“Volver por este tren hacia el pasado e inventar lo que no podría existir de otra manera.” Si el pasado no puede ser recuperado, si no se puede recordar, hay que (re) construirlo a través de la invención. El fenomenal desparpajo de Germán García le permitió entrar a la literatura argentina a los 23 años con la excepcional Nanina (1968), su primera novela, un relato de iniciación sexual y sentimental de un joven que, asfixiado por la chatura pueblerina de Junín, viaja a Buenos Aires. La desobediencia a los mandatos, la imperiosa necesidad de escapar de la cárcel de lo familiar, son los “imperativos categóricos” de la rebeldía. El protagonista –que se llama también Germán García– desea hacer un camino distinto al de su padre, un hombre que trabaja como mecánico y que se desbarranca en un alcoholismo que no solo no tiene retorno, sino que lo convierte en un violento irredimible. El hijo no será ni siquiera una copia imperfecta del padre. Nanina, la gata, muere al inicio de la novela. El mundo infantil se extingue con ella; es el principio del fin de la ingenuidad y la inocencia. Familia, escuela y trabajo representan la opresión y la “castración” institucionalizada, en contraposición con la masturbación, los juegos eróticos y el sexo urgente en los baldíos.
Cuando García volvía a los orígenes de Nanina –reeditada en 2012 en la colección Serie del Recienvenido, que dirigía Ricardo Piglia para el Fondo de Cultura Económica– contaba que debió mandar a mecanografiar a las apuradas un borrador que alguien le pidió, casi por casualidad. El original le gustó tanto a Rodolfo Walsh que la recomendó a la editorial Jorge Alvarez. Antes de que se publicara, en agosto de 1968, hace cincuenta años, Walsh escribió una reseña anticipatoria para la revista Primera Plana en 1967, en la que califica a Nanina de “libro heroico” que narra “febril y desmesuradamente” las andanzas de un adolescente. La novela se convirtió en un best seller y agotó cuatro ediciones en tres meses. Pero en 1969 fue denunciada por el fiscal Guillermo De la Riestra por violar el artículo 128 del Código penal en lo referente a la publicación de obscenidades. Edmundo Sanmartino, juez en lo correccional, falló contra la novela y condenó a su autor y a uno de sus editores, Juan José Lecuona, a un año de prisión en suspenso.
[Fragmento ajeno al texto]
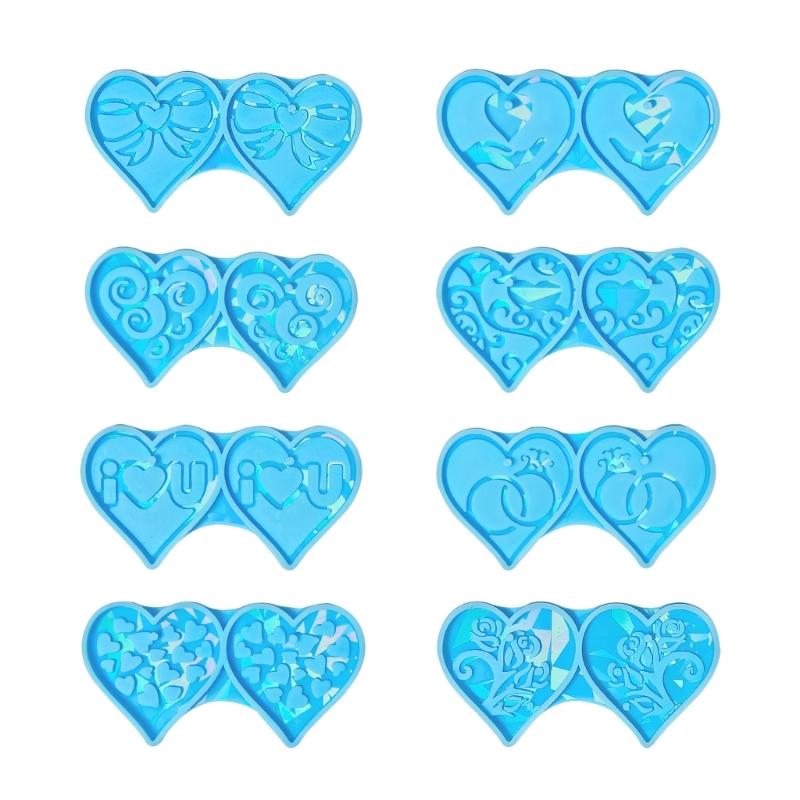 Versatile Resin Casting Mold Necklace Pendant Mold Heart Shape DIY Jewelry Making Molds for Creating Jewelry Keychains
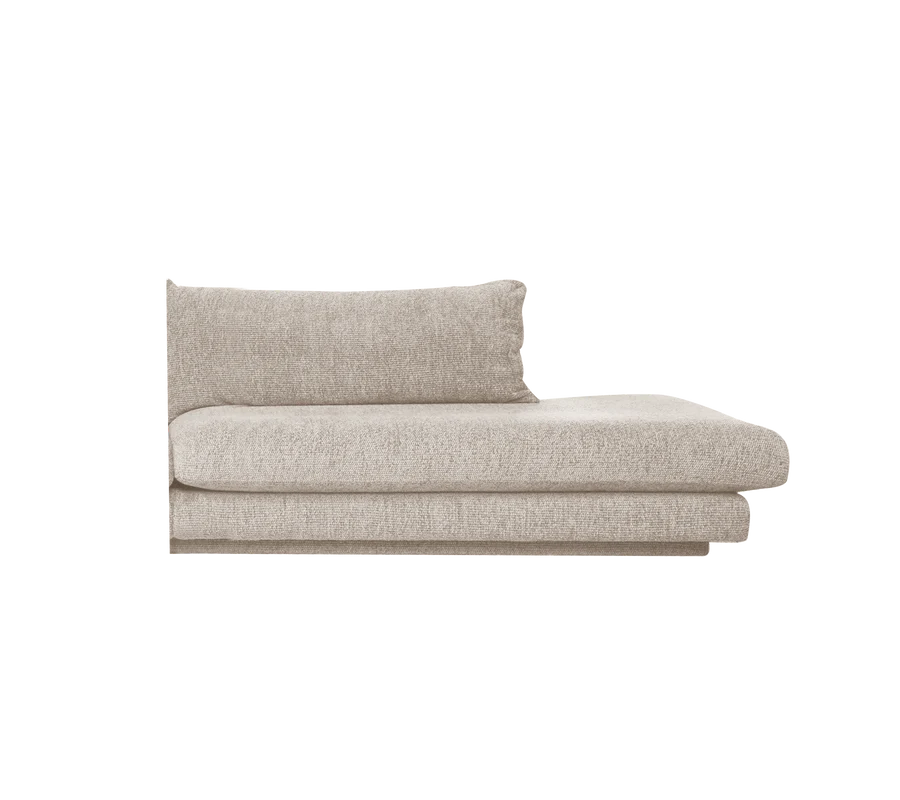 Cane-line Bloom Open-End sofa module left/right with plinth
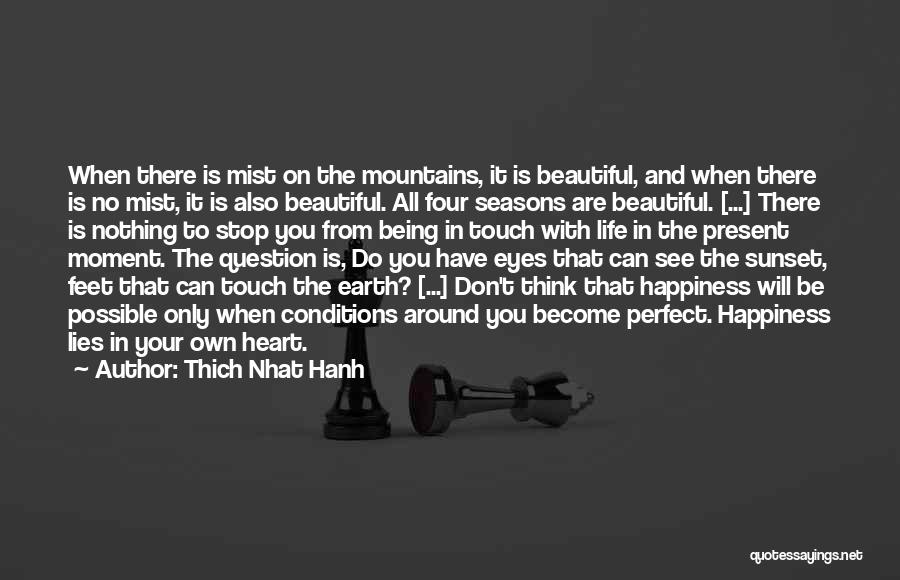 Happiness Lies Within Us Quotes By Thich Nhat Hanh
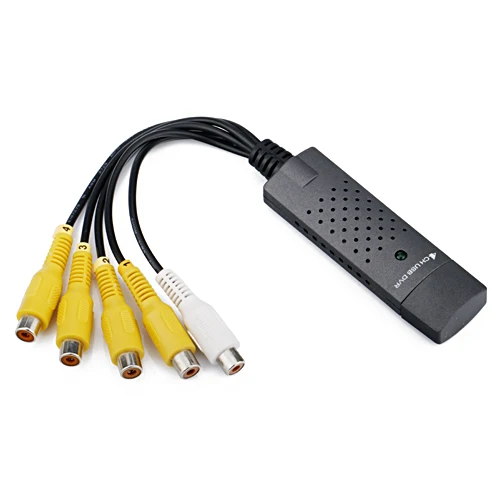 4CH USB DVR 4 CH canal USB 2.0 de VHS a DVD Convertidor Adaptador de Audio AV TARJETA de CAPTURA de Vídeo Adaptador de 1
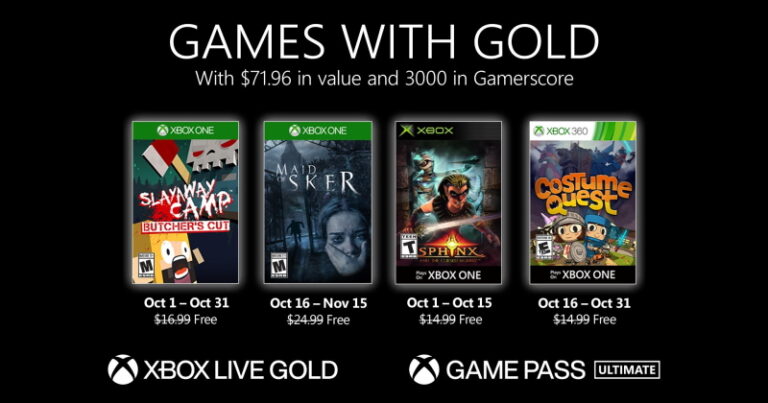 Games with Gold – Outubro de 2020!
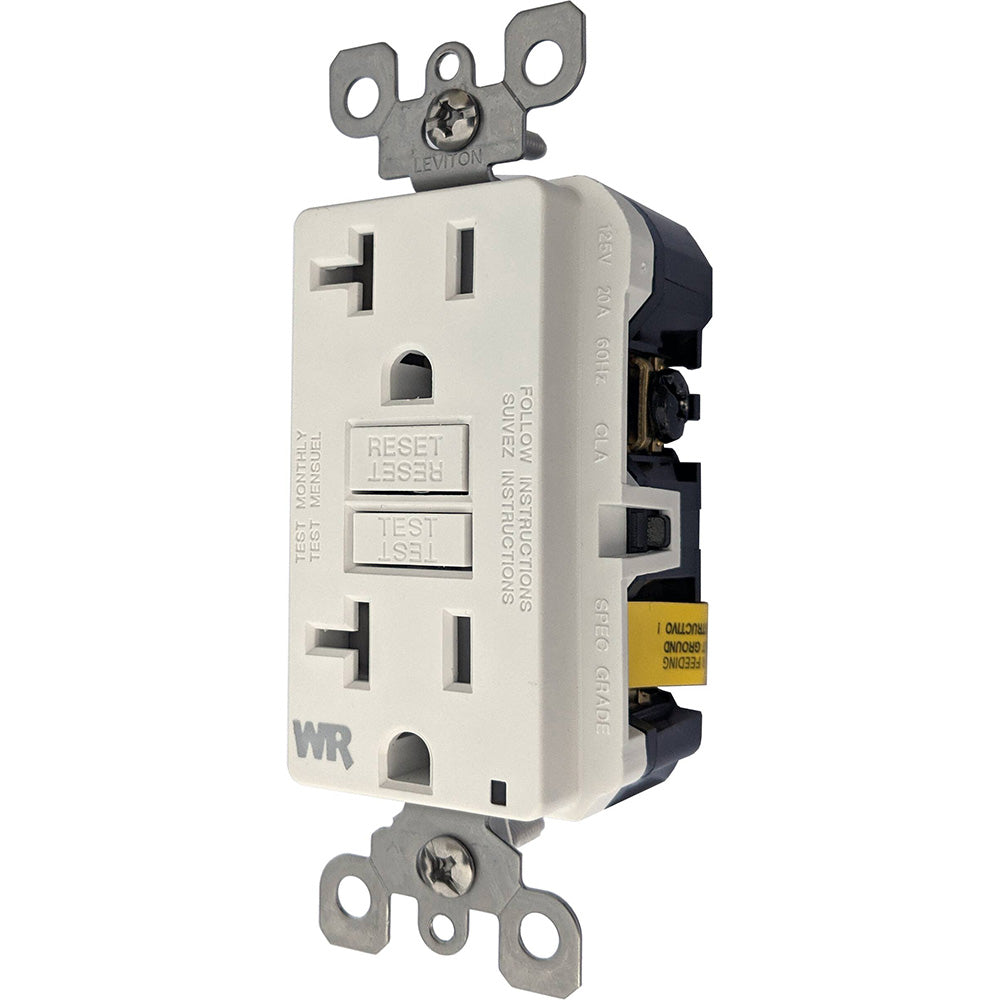 Blue Sea Systems, Blue Sea 1698 Marine-Grade Dual GFCI Receptacle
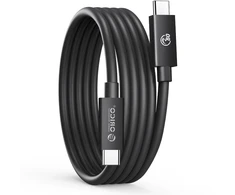 Orico Thunderbolt 5 USB-C kabelis 80Gbps, 240W, 8K@60Hz, 1.5m, juodas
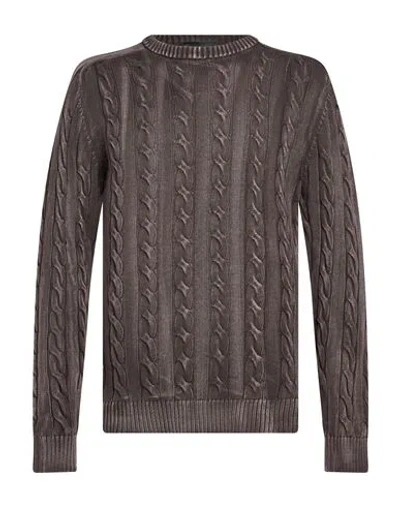 Liu •jo Man Man Sweater Chocolate Brown Size 3xl Cotton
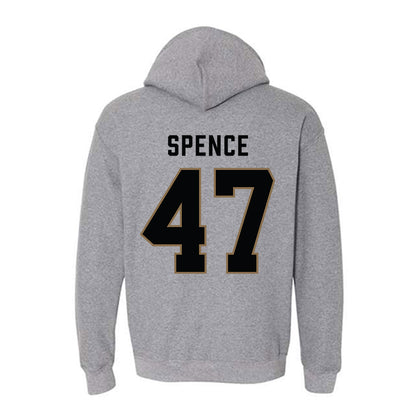 Wofford - NCAA Football : Sam Spence - Classic Shersey Hooded Sweatshirt-1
“Es evidente que Nanina es una osada obra de lenguaje impúdico, de incoherente contextura y de exhibición de escenas reñidas con el más elemental decoro –planteó Sanmartino en el fallo–. El protagonista no tiene ubicación precisa en el tiempo, ni en la geografía. Tan pronto es un niño, como un adolescente. Está en Junín, en Rawson o en Buenos Aires. Sin transición, sin etapas intermedias, sin un proceso lógico de cambio y de transformación. Por puro afán de ser original, de espantar al lector equilibrado o simplemente por incorregible incoherencia mental. Esa técnica es frecuente en la simulación del talento. La obra carece de una sólida arquitectura argumental y es, en general, un sucio canto al desamor filial y al sexo animal e indiscriminado.” Más allá del escándalo, la principal osadía de García fue esa primera persona autobiográfica que entonces era tan novedosa como perturbadora y molesta. Primera Plana envió a una periodista a Junín, donde había nacido el escritor y de donde eran muchos de los personajes de la novela, y desde allí un habitante de Junín se quejaba de que García se masturbaba con Memorias de una princesa rusa. El escritor prohibido y censurado –un malentendido iniciático que le pesó– publicó seis novelas más: Cancha Rayada (1970), La Vía Regia (1975), Perdido (1983), Parte de la fuga (1999), La fortuna (2004) y Misere (2016). En cada novela demostró que había otros modos de hacer literatura. Que la literatura es un complejo aparato de lecturas y escrituras.